═════ Data to use ═════
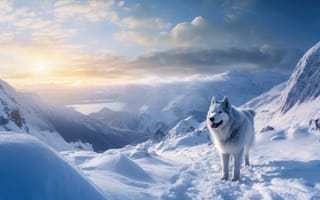 Картинка открытый, собака, снег, Арктический, замораживание, ледниковый рельеф, зима, животное, гора, млекопитающее, пейзаж, ИИ искусство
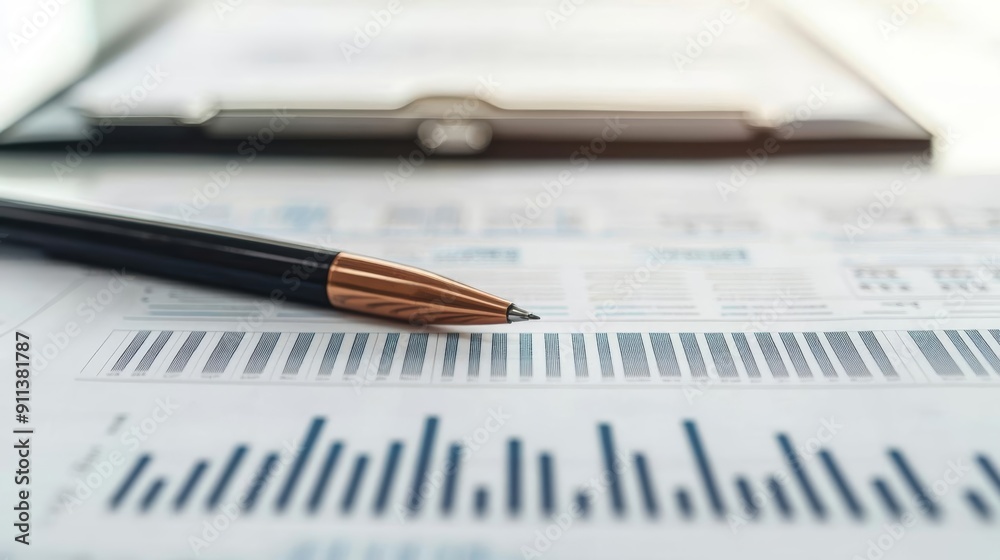 Close-up of expense reports, financial statements, and portfolio summaries on a desk Close-up of expense reports, financial statements, and portfolio summaries on a desk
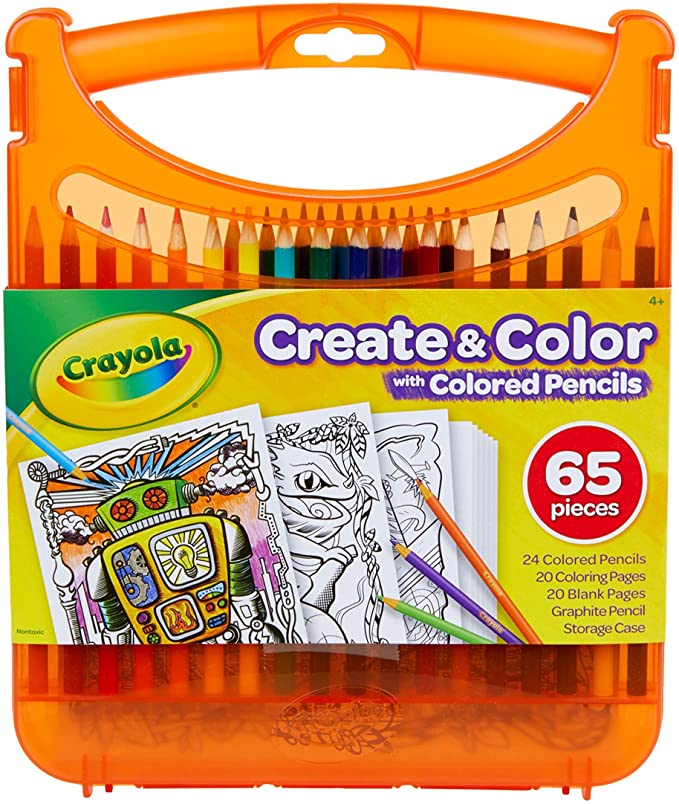 Photo 1 of Crayola Colored Pencils Coloring Art Case with Coloring Pages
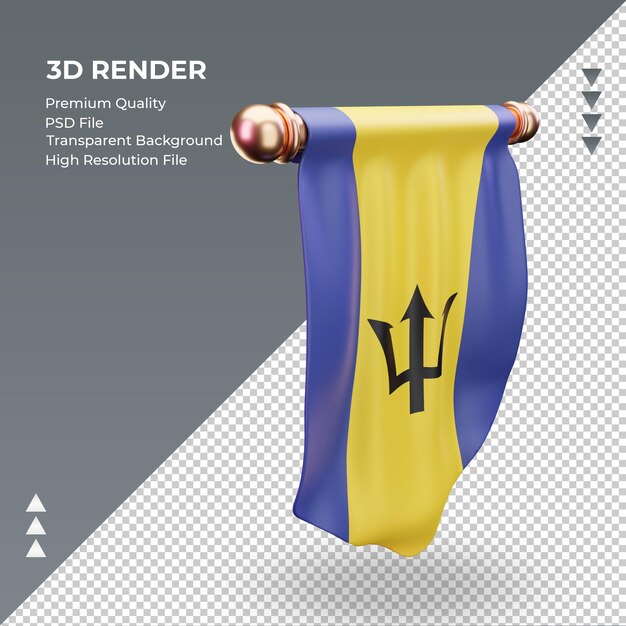 3d pennant barbados flag rendering left view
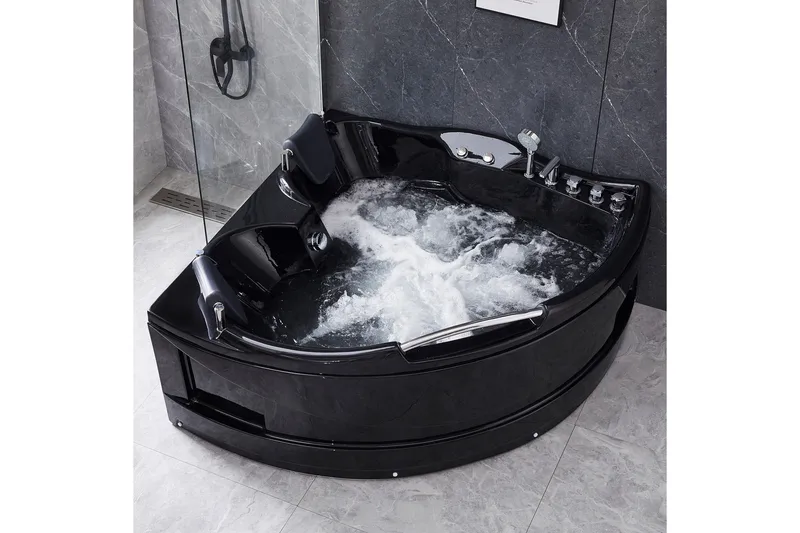 Bubbelbadkar Hörn 150x150cm Svart, undefined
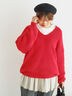 ◎シャギーキーネックニット（チャコールグレー/レッド/イエロー/ブルー/キナリ）｜Samansa Mos2（サマンサ モスモス）通販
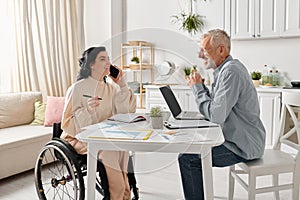 A woman in a wheelchair engages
═════
### Task
Write out every record exactly. Leave the pictures out.

### Task result
 Картинка открытый, собака, снег, Арктический, замораживание, ледниковый рельеф, зима, животное, гора, млекопитающее, пейзаж, ИИ искусство
 Close-up of expense reports, financial statements, and portfolio summaries on a desk Close-up of expense reports, financial statements, and portfolio summaries on a desk
 Photo 1 of Crayola Colored Pencils Coloring Art Case with Coloring Pages
 3d pennant barbados flag rendering left view
 Bubbelbadkar Hörn 150x150cm Svart, undefined
 ◎シャギーキーネックニット（チャコールグレー/レッド/イエロー/ブルー/キナリ）｜Samansa Mos2（サマンサ モスモス）通販
 A woman in a wheelchair engages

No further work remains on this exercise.